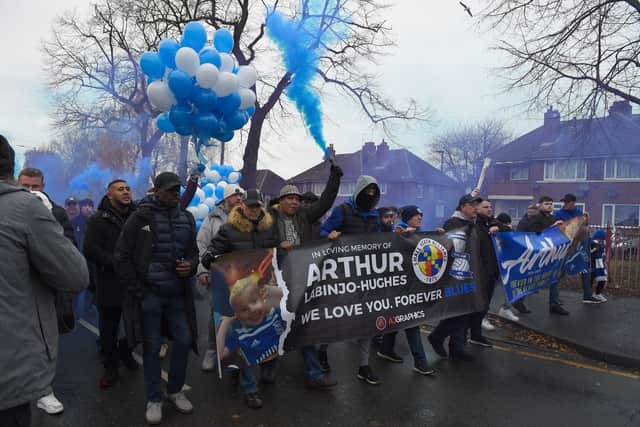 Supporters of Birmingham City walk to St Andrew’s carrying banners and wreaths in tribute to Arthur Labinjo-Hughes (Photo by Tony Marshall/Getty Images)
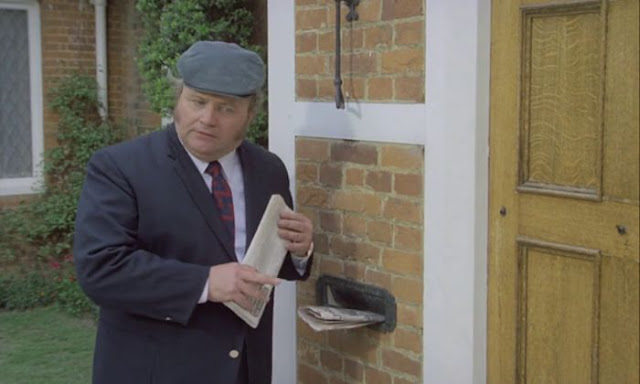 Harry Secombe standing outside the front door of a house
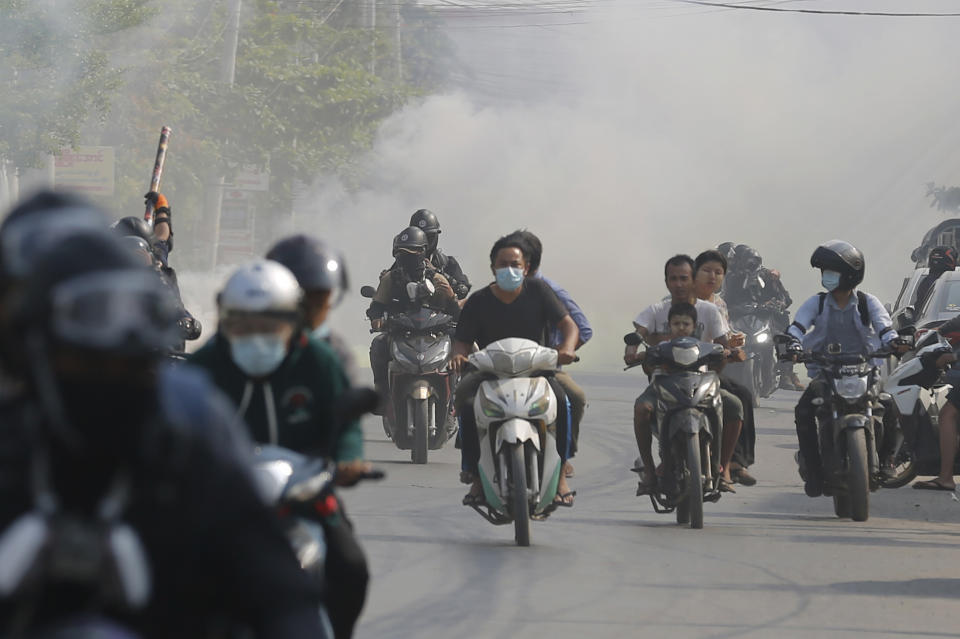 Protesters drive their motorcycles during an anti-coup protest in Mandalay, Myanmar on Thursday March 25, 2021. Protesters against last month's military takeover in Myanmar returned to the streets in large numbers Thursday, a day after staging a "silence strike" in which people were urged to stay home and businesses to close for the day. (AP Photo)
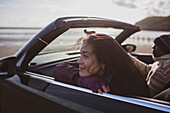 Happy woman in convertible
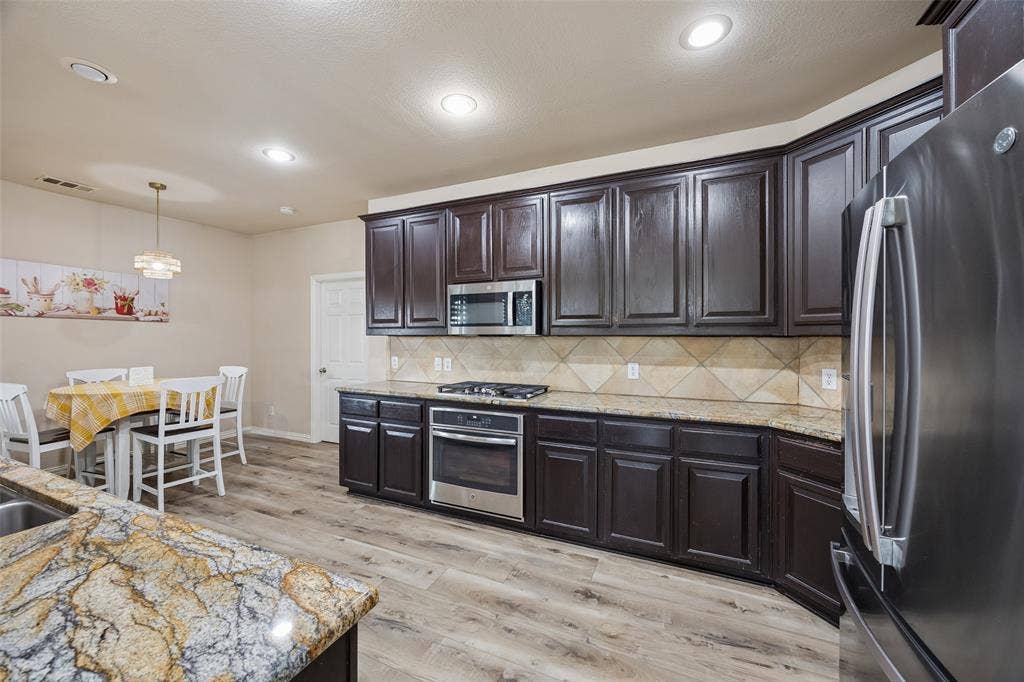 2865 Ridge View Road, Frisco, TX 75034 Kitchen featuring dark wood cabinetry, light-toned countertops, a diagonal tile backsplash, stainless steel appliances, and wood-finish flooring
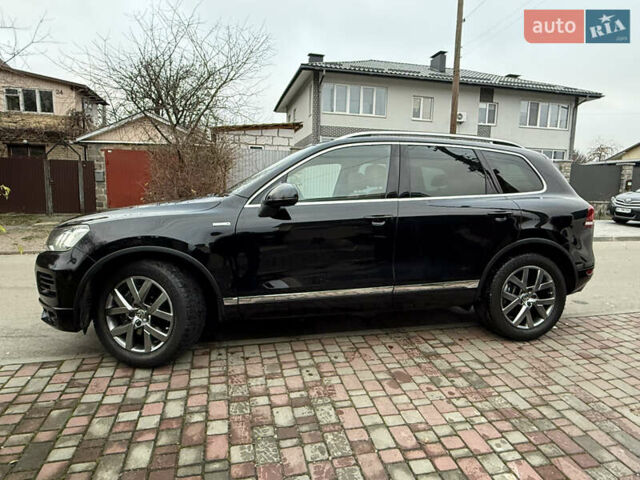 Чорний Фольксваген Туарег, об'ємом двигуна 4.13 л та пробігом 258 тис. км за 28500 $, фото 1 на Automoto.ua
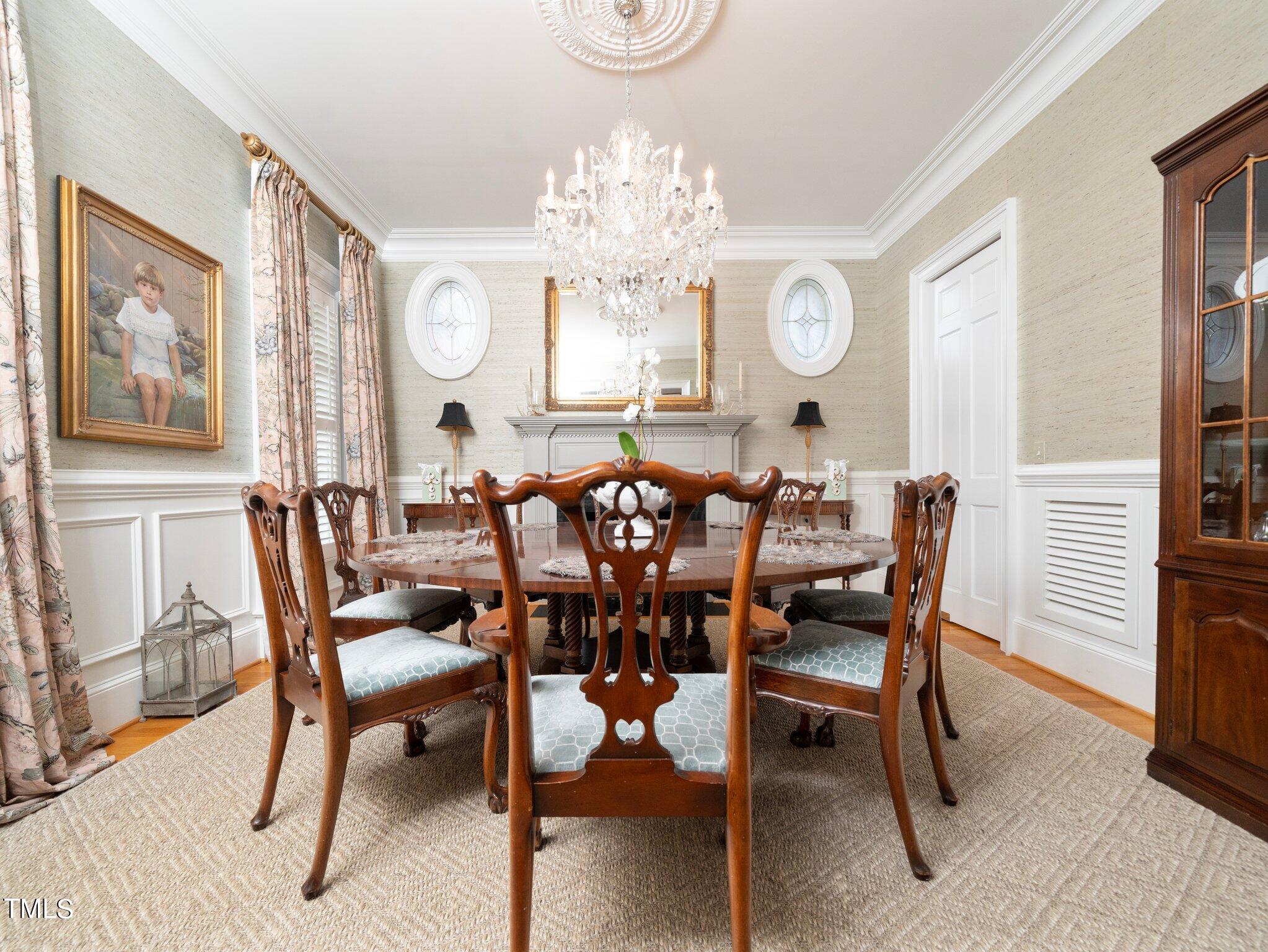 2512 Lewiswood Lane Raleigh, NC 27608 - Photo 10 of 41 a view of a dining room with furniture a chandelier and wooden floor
==
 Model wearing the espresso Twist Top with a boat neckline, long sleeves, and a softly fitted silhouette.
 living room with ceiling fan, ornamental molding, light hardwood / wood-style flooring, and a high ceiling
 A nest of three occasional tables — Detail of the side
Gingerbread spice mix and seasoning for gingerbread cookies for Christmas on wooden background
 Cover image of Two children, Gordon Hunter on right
---
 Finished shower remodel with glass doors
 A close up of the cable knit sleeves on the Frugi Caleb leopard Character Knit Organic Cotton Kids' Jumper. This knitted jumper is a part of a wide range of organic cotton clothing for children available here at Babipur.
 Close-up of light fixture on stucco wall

*Work instructions*
Task for the records above: copy every line in which the word "children" occurs.

*Output of the exercise*
 Cover image of Two children, Gordon Hunter on right
 A close up of the cable knit sleeves on the Frugi Caleb leopard Character Knit Organic Cotton Kids' Jumper. This knitted jumper is a part of a wide range of organic cotton clothing for children available here at Babipur.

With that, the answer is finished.